A federal court on Thursday asked the California Supreme Court to assess whether the doctrine of derived injury prohibits a civil claim against an employer when a worker receives covid-19 at work and takes the virus home.
The U.S. 9th Circuit Court of Appeals in San Francisco also asked the state Supreme Court to rule on whether California law imposes an obligation on employers of their employees’ households to exercise reasonable care to prevent the spread of covid-19.
California’s Supreme Court does not have to accept the certification or answer the questions under the Federal Court of Appeals.
On April 13, California’s Supreme Court rejected a request to review a decision of a state appellate court in See̵7;s Candies Inc. v Los Angeles Superior Court et al.who considers that the doctrine of derived injury does not preclude a lawsuit alleging that a company of negligence exposed a worker to covid-19 and caused her husband’s death.
Now the question of whether and how the derived injury doctrine can be applied to claims for damages when family members or others suffer from covid-19 from someone affected by the disease at work can return to the state Supreme Court.
Robert Kuciemba worked for Victory Woodworks Inc. in San Francisco. He and his wife, Corby Kuciemba, claim that the company deliberately transferred infected workers from an infected construction site to the place where Kuciemba worked.

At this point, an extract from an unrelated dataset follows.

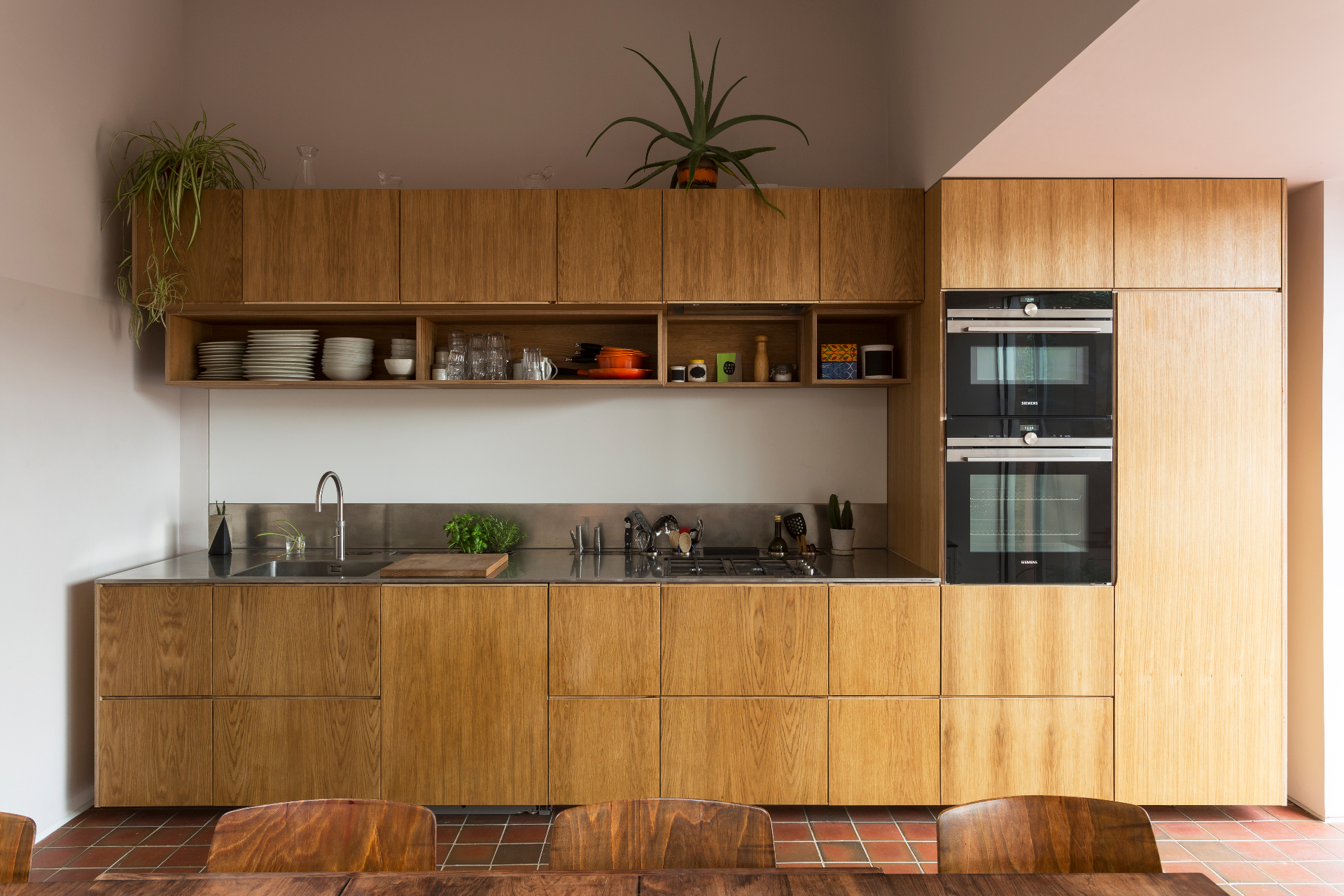 Oak kitchen cabinetry with continuous grain, open shelving and integrated ovens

He was soon hit by covid-19 which he took home. His wife tested positive for covid-19 in July 2020 and was hospitalized for more than a month.
Kuciembas sued Victory, claiming that the company had violated a local health order. Ms. Kuciemba alleged negligence and Mr. Kuciemba raised a claim for the loss of the consortium.
The Federal District Court of Northern California granted a motion for dismissal Kuciemba v. Victory Woodworks, to find the derived injury doctrine blocked Kuciemba’s claim and that Victory was alternatively not liable to her any obligation.
The Federal Court of Appeal in Thursday’s opinion said that it is appropriate to certify these questions for the Supreme Court to answer as there is no governing precedent.